The consensus of this committee once again this year is pretty much the same as it was at this time last year—the most dangerous part of the game occurs during kickoffs.
Last year the committee proposed to move the kickoffs five yards closer—to the 35 yard line instead of the 30 and place a touchback on the 25 yard line instead of the 20—and were able to get half of their proposal passed by the vote of the owners. This year all kickoffs were from the 35 yard-line, but touchbacks still began play from the 20.
However, because a majority of the serious injuries still were occurring on the kickoff phase of the game, NFL Commissioner Roger Goodell is planning to discuss the elimination of the kickoff entirely and several proposals that enhance player safety to the competition committee when it meets this week, according to an article that appeared last week in Time magazine.
“Whenever anything comes out of the Commissioner’s office, I think it’s appropriate to consider it serious,” NFL executive vice president of football operations Ray Anderson told NFL.com’s Ian Rapoport.
“But every year, the competition committee will look at several proposals to enhance player safety, and certainly the kickoff play, probably disproportionately our most dangerous play, gets attention every year like it did last year.
“Coach (Greg) Schiano’s suggestion is one that has been proposed. Some folks think it’s very intriguing, and certainly the subject of some pretty vigorous discussion and debate,” Anderson continued.
Tampa Bay Buccaneers coach Greg Schiano offered a scenario where, instead of kickoffs, teams can punt after a score or attempt to convert a fourth-and-15 from its own 30 yard line.
The reason this first-year NFL coach is so concerned is that when he was coaching at Rutgers, one of his players—Eric Le Grand—was paralyzed on a kickoff while Rutgers was forming a three-man wedge that already has been ruled illegal in the NFL.
“Some people would say let’s move the kickoff line forward even further,” Anderson said. “Another suggestion would be to put weight limitations on the players who can run down on the kickoff play—the theory being that lighter-weight guys colliding would be less detrimental than heavier-weight guys colliding with smaller-weighted guys.”
The competition committee makes a recommendation to the ownership on a rule and the head NFL coaches will have input on proposed changes at the meeting this week, but 24 of the 32 NFL owners are needed to pass a rule change.
Most of the head coaches and general managers that have commented on the Commissioner Goodell’s proposal agree that too many injuries are caused on kickoffs, but very few want to eliminate it entirely from the NFL.
One general manager believes that playing on three-day’s rest adds to the risk of injuries. This occurs mostly on team’s who are featured on Thursday Night Football after playing a Sunday game or those playing on Thanksgiving after a Sunday game.
The NFL could change the bye week schedules to insure that teams playing on Thursday are coming off their bye week. The same would hold true for Thanksgiving.

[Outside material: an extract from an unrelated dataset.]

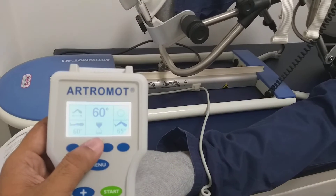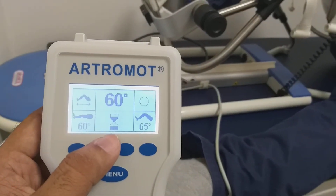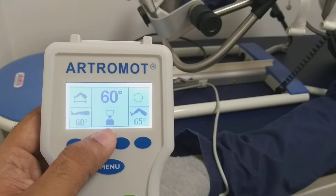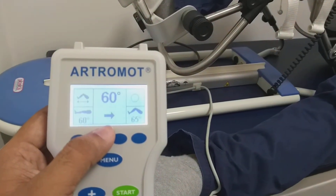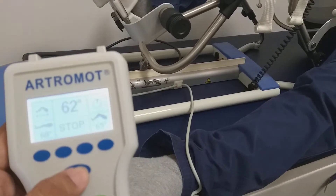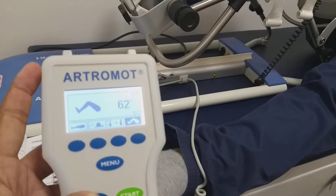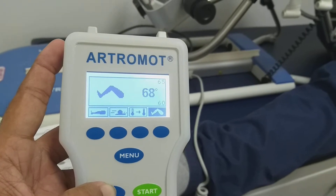So now the treatment starts. There is a pause. After the pause time finishes, it starts flexion. I will increase the angle a little. I also want to increase the pause time.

Another GM suggests that if the NFL really wanted to reduce injuries, it should consider scheduling fewer games for a season.
This Korner believes that kickoffs are an integral and exciting part of football and shouldn’t be altered dramatically. Special teams players love what they do and are aware of the safety hazard that accompanies their job.
We also believe Commissioner Goodell and the 32 NFL owners would not do anything that would hurt their precious revenue, like shorten the season.
What’s really ironic is that earlier this year Goodell proposed that the league shorten its training camp time and extend the season from 16 to 18 games. You could almost see the dollar signs dancing in his head.
And as far as Tampa Bay head coach Greg Schiano is concerned, he’s got to be some kind of a two-faced guy agreeing to reduce injuries by eliminating kickoffs and then ordering his team to blitz at the end of the game when the opponent that is beating his Buccaneers goes into the kneel-down Victory formation.
That could really cause serious injuries, especially to the opposing quarterback.
KWICKIES…Gillette Stadium, the site of the Monday Night Football game between our Houston Texans and the New England Patriots has been sold out for every game dating back to the 2002 season opener. During that span the Patriots have won 80 games, 10 more than any other NFL team.
The Houston Texans have no easy road ahead of them in the last three games of the 2012 season, having to face the surging Indianapolis Colts (9-4) twice, with Peyton Manning’s replacement lucky Andrew Luck at quarterback, plus the Minnesota Vikings (7-6) who are struggling to keep their dim playoff hopes alive.
The Dallas Cowboys fought a fierce physical and emotional battle Sunday at Cincinnati, rallying back from a 19-10 fourth period deficit to score a touchdown and a 40-yard game-winning field goal by Dan Bailey as time expired to nip the Bengals 20-19 and keep their faint playoff hopes flickering for another week. The team was grieving over the death of teammate Jerry Brown, who died in an auto accident early Saturday morning. The driver of the car, Dallas defensive lineman Josh Brent was arrested and charged with intoxication manslaughter. The Cowboys (7-6) host the Pittsburgh Steelers (7-6) Sunday at 3:25 p.m.
The Seattle Seahawks’ defense, led by Orange’s Earl Thomas at safety, had another superlative effort at home Sunday, virtually annihilating the Arizona Cardinals 58-0 for their sixth straight win at home without a loss. The victory was payback for the 20-16 loss the Cards handed Seattle on opening day. Seattle (8-5) is now tied with the Chicago Bears for the No. 1 wild card in the NFC and holds the tiebreaker because of last week’s 23-17 overtime victory over the Bears at Soldier Field.
Detroit’s 27-20 loss to the Green Bay Packers Sunday night was their 22nd consecutive setback for the Lions at Lambeau Field, the longest streak in the NFL
The Houston Astros are diligently searching for a designated hitter for their upcoming maiden voyage in the American League. Believe it or not, their hottest prospect is former Astro slugger Lance Berkman, if he decides not to retire before the 2013 Major League season.
JUST BETWEEN US…Orange’s 71-year-old Marathon Man Ken Ruane finished second in the 13.1 mile (half-marathon) “Swamp Stomp” in the 60-years-and-older category held Saturday at Sam Houston State Park in West Lake, La. He came in 21st overall and when asked to evaluate his performance all Ken would say was “I finished.”